• TASK BRIEF: Copy exactly, beginning with the line holding "Apartamento ID.5929 - Alquiler" and ending with the final line of the data beneath this task; copy nothing else, and leave out every picture.

(Dataset items)
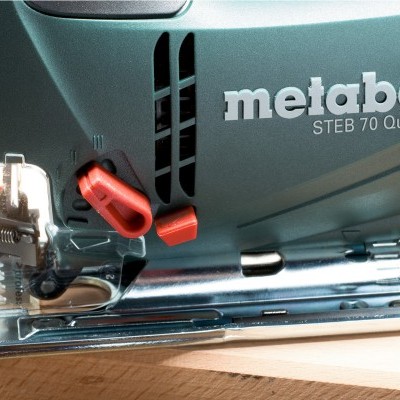 Serra tico-tico Metabo STEB 70 Quick cinzenta e vermelha em madeira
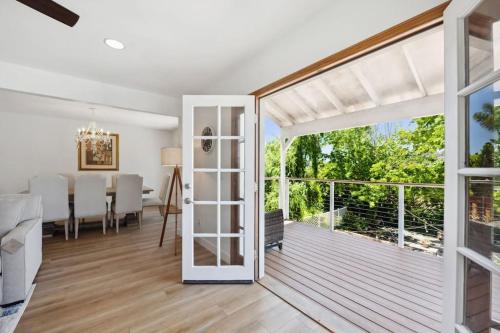 Cozy Home near Beach and Racetrack in Solana Beach, USA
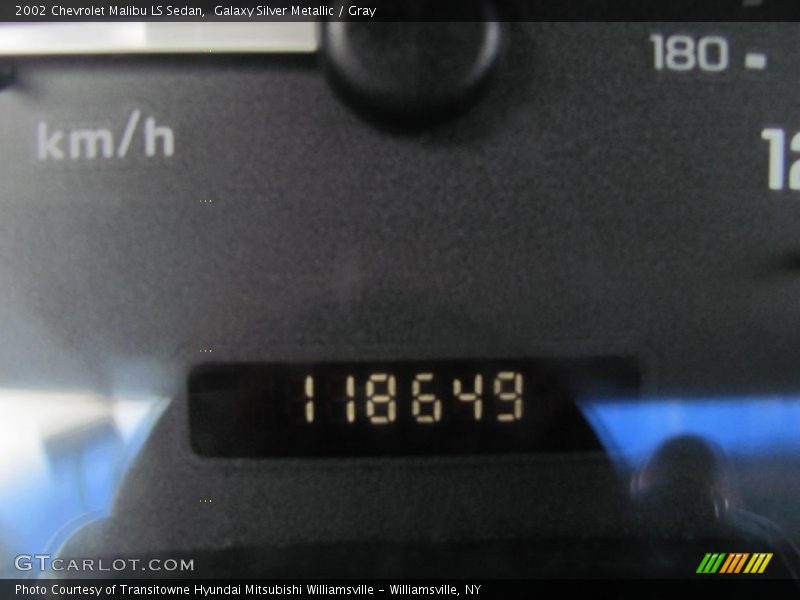 Galaxy Silver Metallic / Gray 2002 Chevrolet Malibu LS Sedan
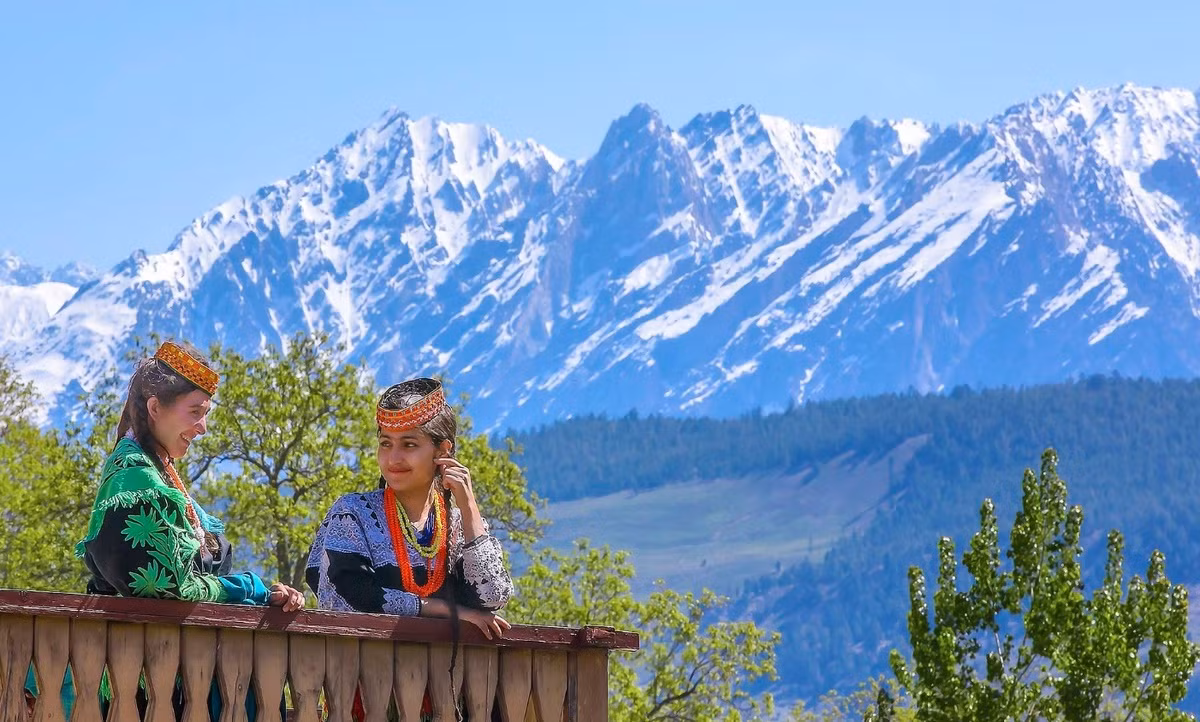 Người Kalash nói chung sống giản dị, yêu đời, yêu hòa bình và rất lạc quan. Ảnh: Tashin A Shah/WikiCommons.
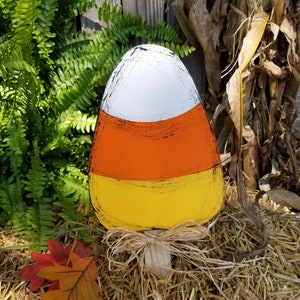 Small Wooden Candy Corn, Candy Corn Garden Stake, Fall Outdoor Decoration, Candy Corn Yard Stake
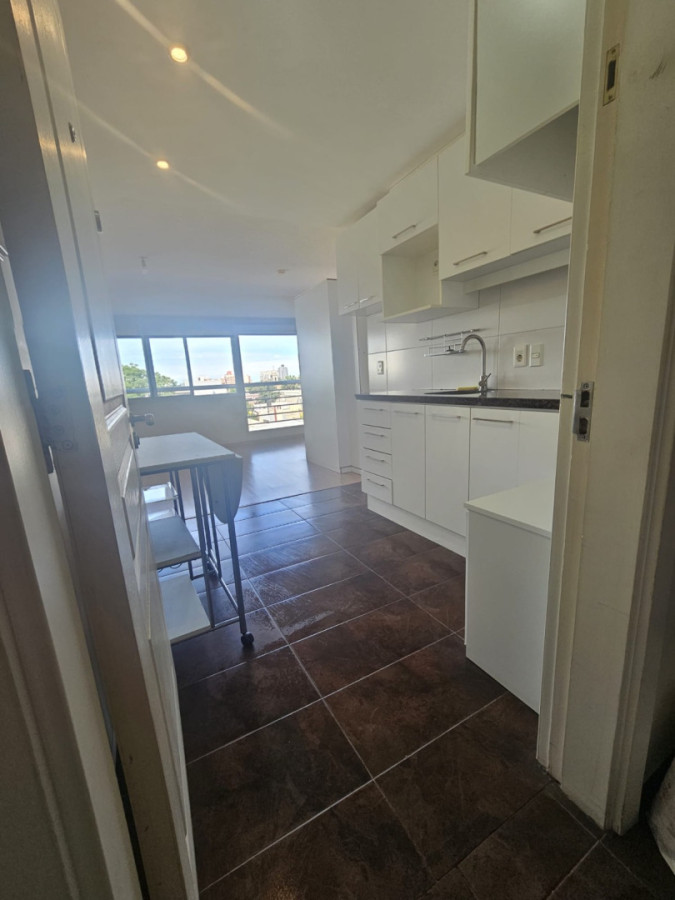 Apartamento ID.5929 - Alquiler Apartamento Monoambiente Grande Buceo con Cochera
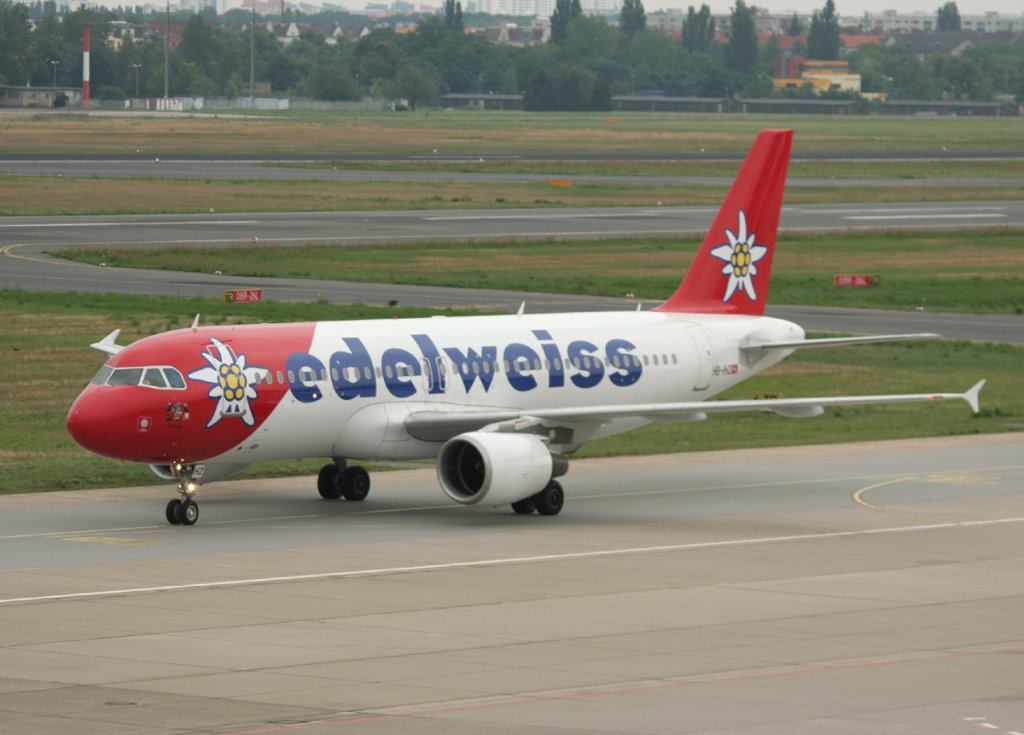 Edelweiss Air A 320-214 HB-IHZ am 03.07.2012 auf dem Flughafen Berlin-Tegel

• EXERCISE RESULT:
 Apartamento ID.5929 - Alquiler Apartamento Monoambiente Grande Buceo con Cochera
 Edelweiss Air A 320-214 HB-IHZ am 03.07.2012 auf dem Flughafen Berlin-Tegel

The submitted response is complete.